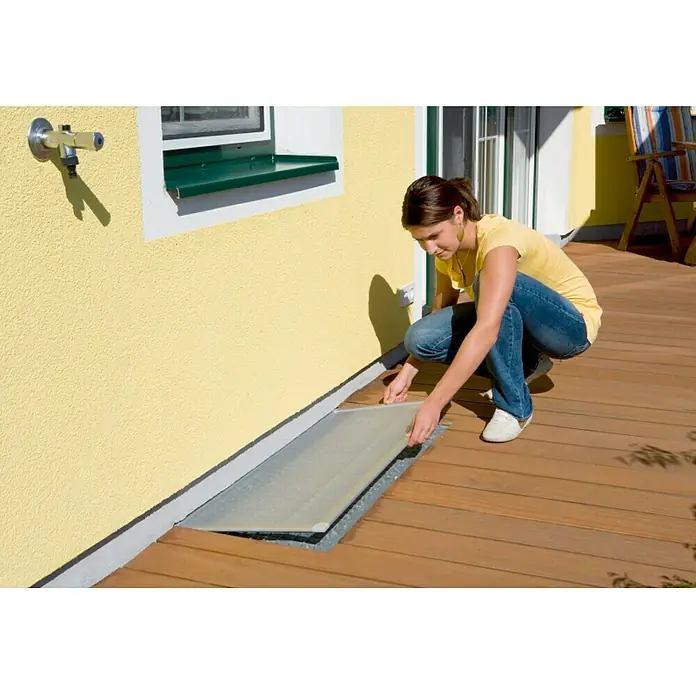 Windhager Lichtschachtabdeckung Komplettset Alu - 106 x 44 cm, Aluminium
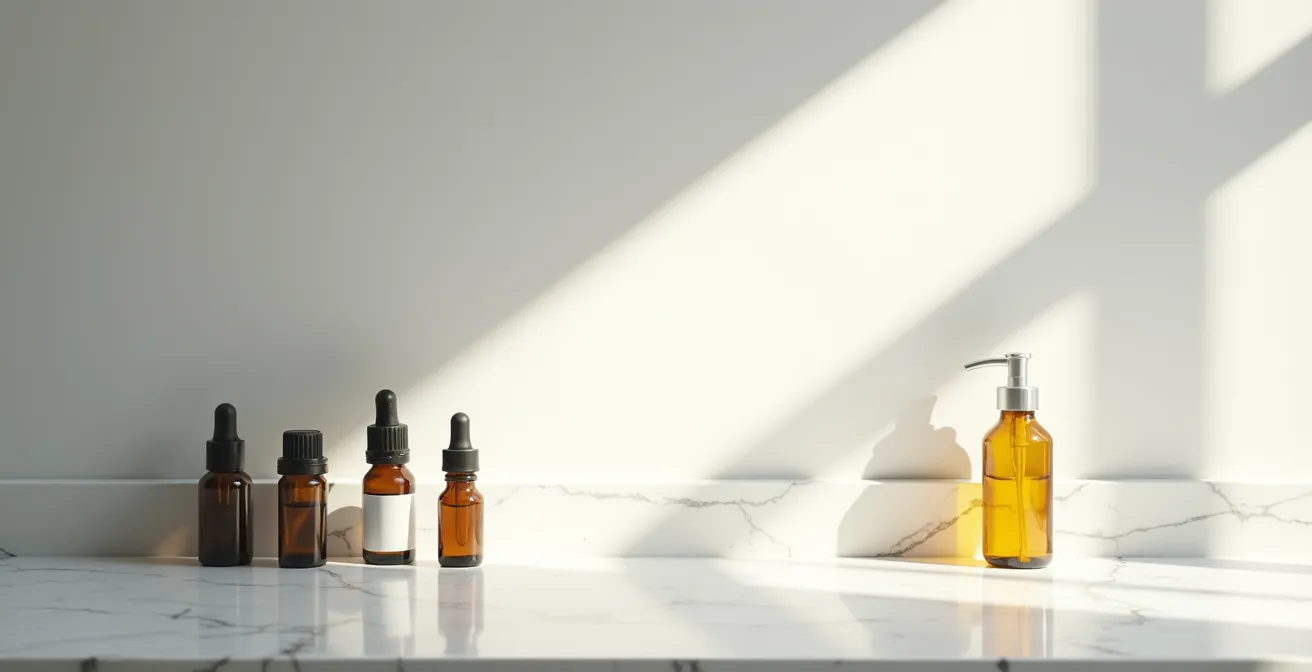 Composición minimalista mostrando el contraste entre aceites seguros e inseguros para el área ocular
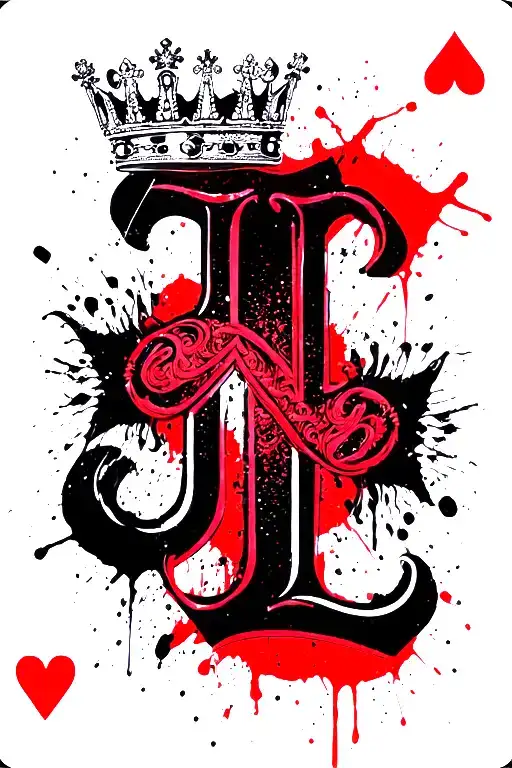 King And Queen Card Featuring Initials J And L Letter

★ ★ ★ ★ ★

• **EXERCISE REQUIREMENTS**: What you output must match the data exactly, apart from the pictures, which are left out.

• **EXPECTED OUTPUT**:
 Windhager Lichtschachtabdeckung Komplettset Alu - 106 x 44 cm, Aluminium
 Composición minimalista mostrando el contraste entre aceites seguros e inseguros para el área ocular
 King And Queen Card Featuring Initials J And L Letter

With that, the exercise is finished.